Charité et responsabilité: quel rapport?

A la racine étymologique du terme responsabilité se trouve le verbe latin «respondere». La capacité de réponse est donc au cœur de la responsabilité. Mais en fait, il y a non pas une mais au moins deux réponses à donner.

La première vient par l’attitude, la décision et l’action, elle répond aux circonstances du moment, aux attentes et aux valeurs que l’acteur porte en lui. La seconde est la réponse donnée, le cas échéant, aux tiers, par le compte rendu, l’explication ou la justification des actions passées et de leurs éventuelles conséquences.

Ces deux réponses ne vont pas nécessairement de pair, la seconde n’étant pas automatique, elle survient dans des cas particuliers. De plus, elles diffèrent à bien des égards. Si l’action responsable suppose l’acceptation préalable – même implicite – du fardeau par le sujet, l’absence d’une telle acceptation ne saurait dispenser, le cas échéant, l’acteur d’être tenu de s’expliquer ou de se justifier ultérieurement devant des instances ad hoc. Elles s’inscrivent aussi dans des registres différents: celui de l’action et de la décision pour la première (sagesse pratique) et celui de la réflexion rétrospective impliquant des tiers, souvent à dimension institutionnelle et légale. Ainsi, les deux réponses appartiennent à des temporalités et des configurations différentes.

«L’invocation de la ‘responsabilité’ traduit un élargissement du référentiel de la responsabilité qui s’opère dans l’opinion publique»

L’appel à la responsabilité retentit aujourd’hui un peu partout. Il se traduit par le recours fréquent à l’adjectif «responsable» accolé aux diverses activités économiques: placements ou investissement responsables, consommation responsable, ou encore multinationales responsables, etc. Est-ce à dire que ces activités ont échappé jusque-là aux règles de la responsabilité, qu’elles ont été conduites de manière non-responsable, voire irresponsable?

L’invocation de la «responsabilité» traduit en fait un élargissement du référentiel de la responsabilité qui s’opère dans l’opinion publique. Il consiste à ajouter de nouvelles réponses aux cinq questions indispensables pour qualifier toute responsabilité. Qui est responsable? Qui est tenu pour responsable? De quoi est-il/elle (tenu) responsable? En vertu de quoi? Envers qui? Ces questions permettent de structurer tant soit peu le vaste éventail de situations réelles en mettant en évidence ce qui relève de l’aspect légal et institutionnel – responsabilité contractuelle et responsabilité pour dommages – et ce qui s’inscrit dans la dimension morale de la responsabilité.

Le «envers qui?» et «en vertu de quoi?» semblent être les deux questions centrales autour desquelles a lieu le renouveau de la notion.
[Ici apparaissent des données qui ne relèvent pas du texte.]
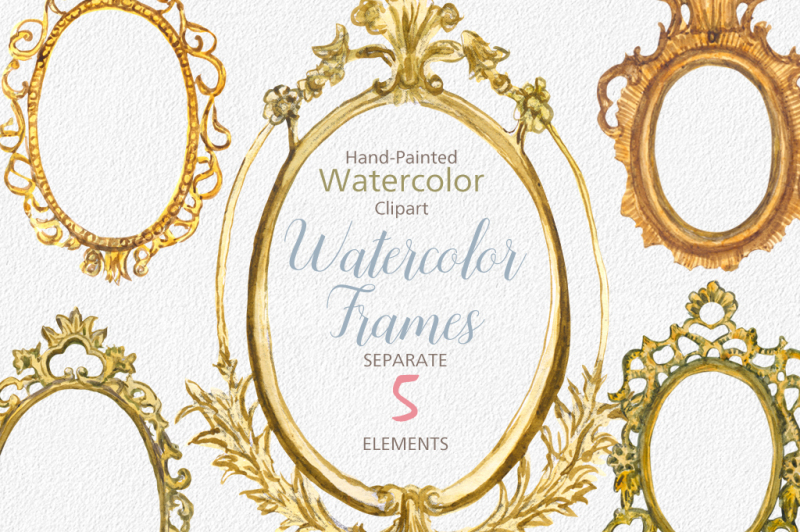 on-sale-hand-painted-golden-watercolor-frames-clipart-watercolor-frames-clip-art-frames-clipart
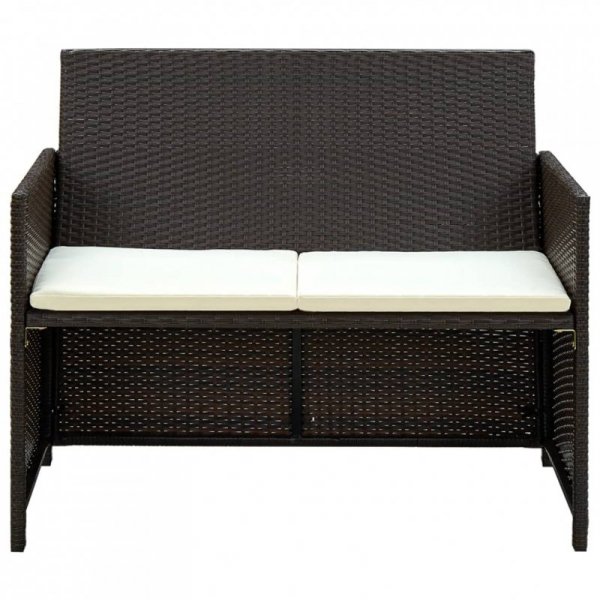 2-osobowa sofa ogrodowa z poduszkami, polirattan, brązowa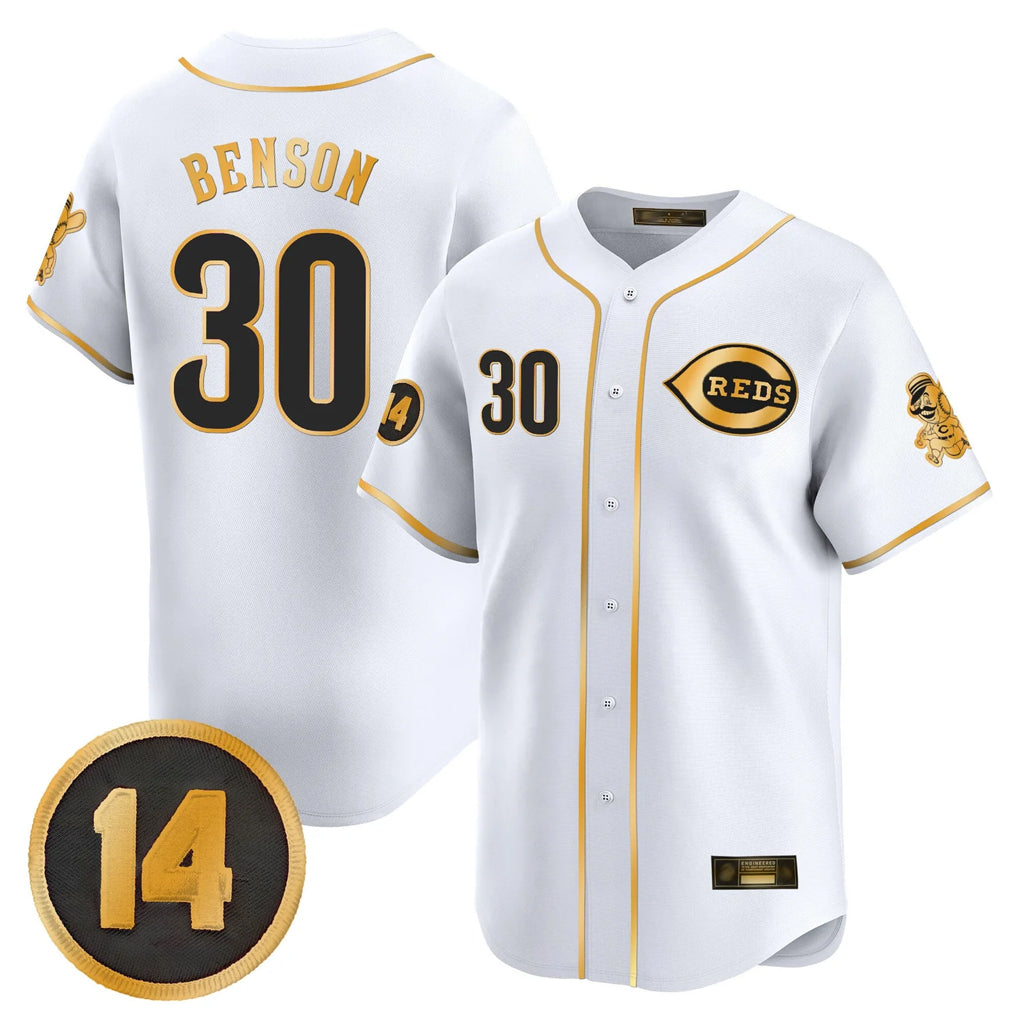 Ndoa C.Reds #30 Ken Griffey Player White-Gold Vapor Premier Limited Home Stitched Jerseys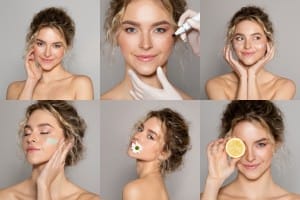 beautiful woman demonstrating natural skin care routine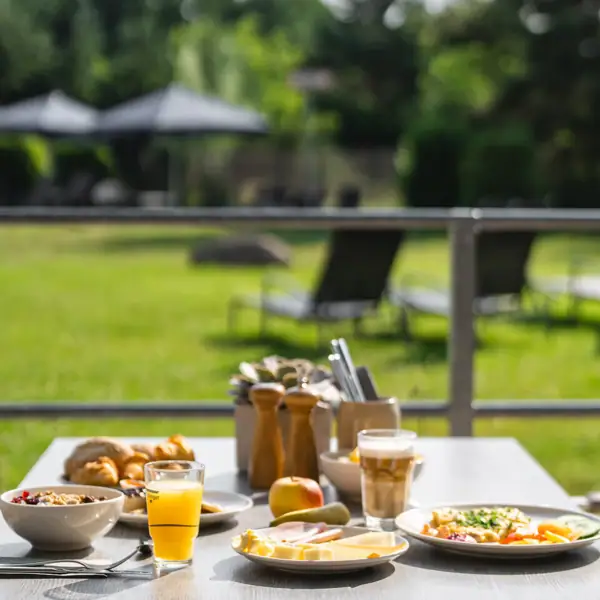 Breakfast A breakfast table with food on it.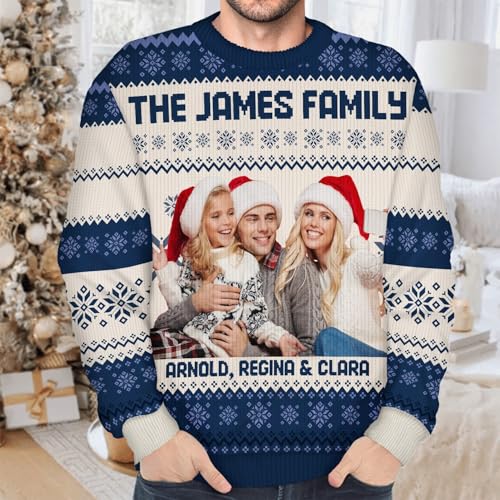IZI POD Custom Ugly Christmas Sweatshirt, Funny Photo Christmas Sweatshirt, Gift for Men, Women, Family Member, Christmas3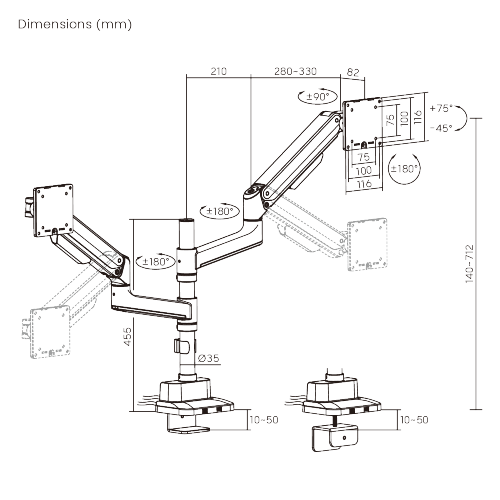 Premium Heavy-Duty Mechanical Spring Dual Monitor Arm with USB-A/USB-C Ports (Pole Mounted) LDT107-C024UCP Seamless adjustments, exceptional performance. from china(chinese)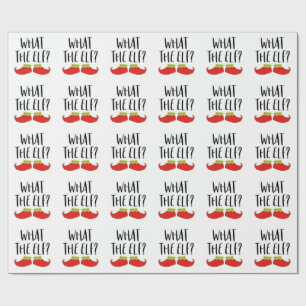 What the Elf Funny Christmas Elf Santa Claus  Wrapping Paper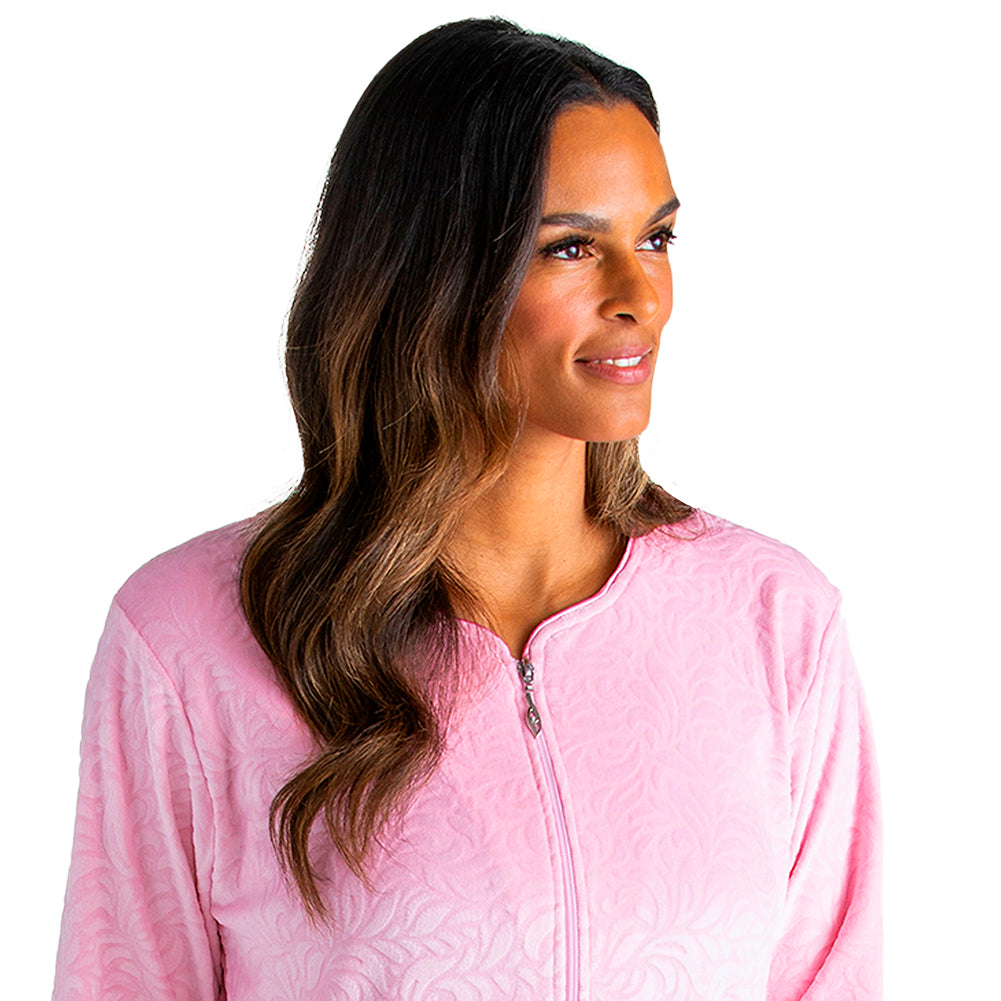 Floral Embossed Serenity Zip Robe Lt. Pink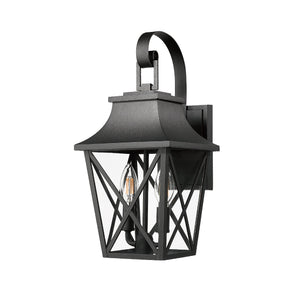 Black Outdoor Wall Lantern 2-Light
Elles marquent l’alternative par rapport à la seule responsabilité découlant de l’arrangement institutionnel et légal et rappellent que sur cette dernière se greffe sur une responsabilité plus haute inscrite dans l’humanité de l’acteur dont la conscience est l’expression la plus immédiate. Dans le premier cas, le monde des investissements, placements, consommations ou entreprises responsables serait strictement circonscrit par des exigences légales. Dans le second cas, les appels à la «responsabilité élargie» devraient réveiller le for interne, résonner, dans la conscience et encourager les acteurs à aller au-delà du strictement légal au nom du bien commun.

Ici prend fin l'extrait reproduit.